DIRECTIONS FOR THIS TASK:
Lines from the one containing "Latinx erwachsene Frau" through the end of the listing are what is wanted, given again exactly with both ends included and pictures left out.

INFORMATION:
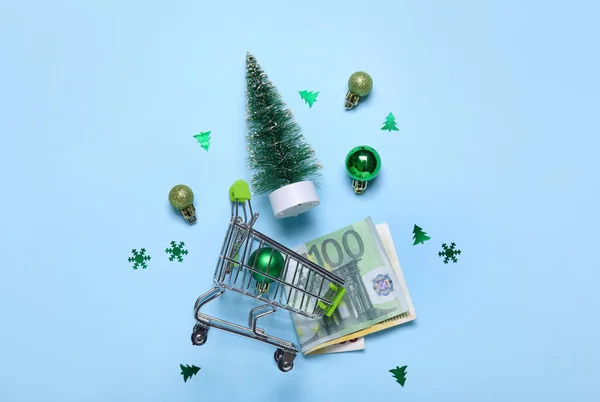 青い背景にクリスマスボール お金とモミの木とショッピングカート — ストック写真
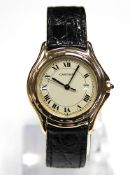 Cartier Cougar De Cartier wristwatch 1611 in yellow gold case, champagne dial, yellow gold bezel,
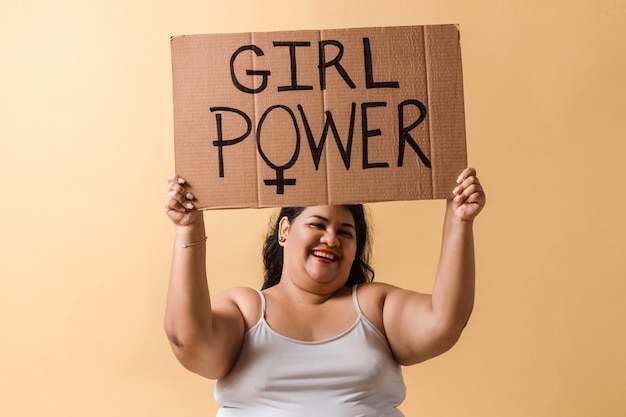 Latinx erwachsene Frau hält die Hände mit Girl Power Banner über
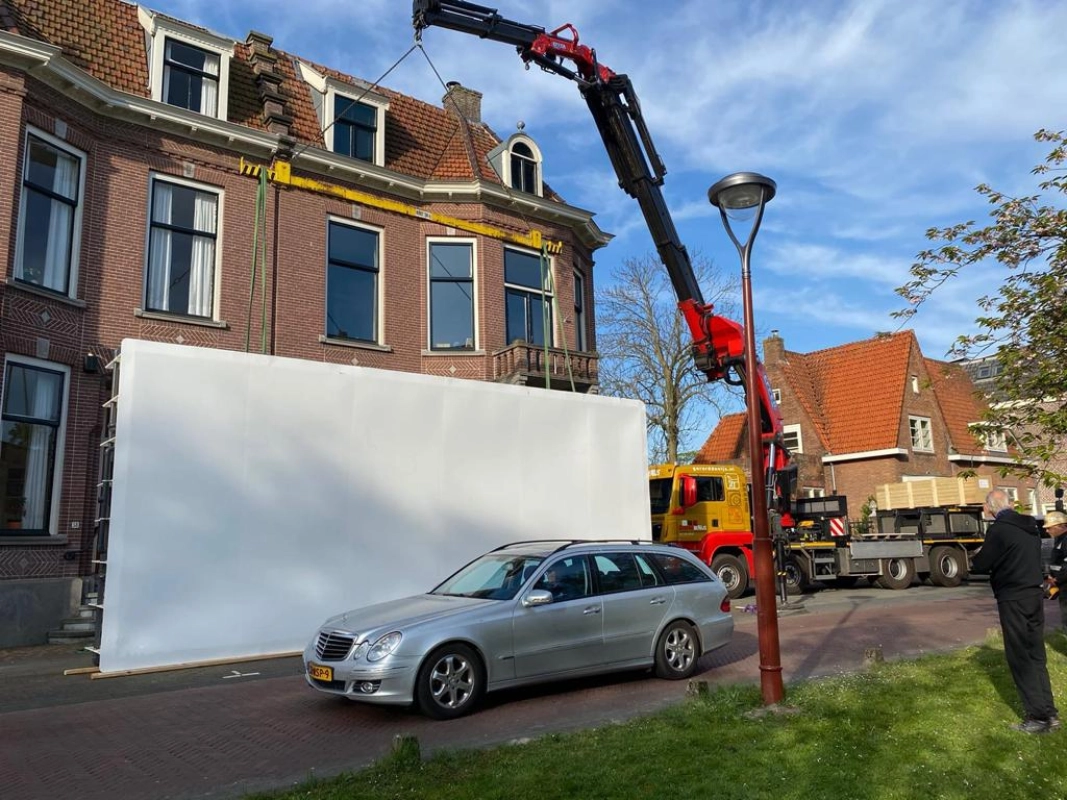 Boom uit tuin hijsen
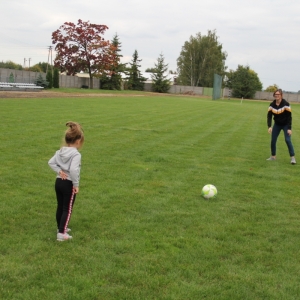 Dziewczynka stoi na przeciwko pani a pomiędzy nimi jest piłka na boisku.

SOLUTION BELOW:
 Latinx erwachsene Frau hält die Hände mit Girl Power Banner über
 Boom uit tuin hijsen
 Dziewczynka stoi na przeciwko pani a pomiędzy nimi jest piłka na boisku.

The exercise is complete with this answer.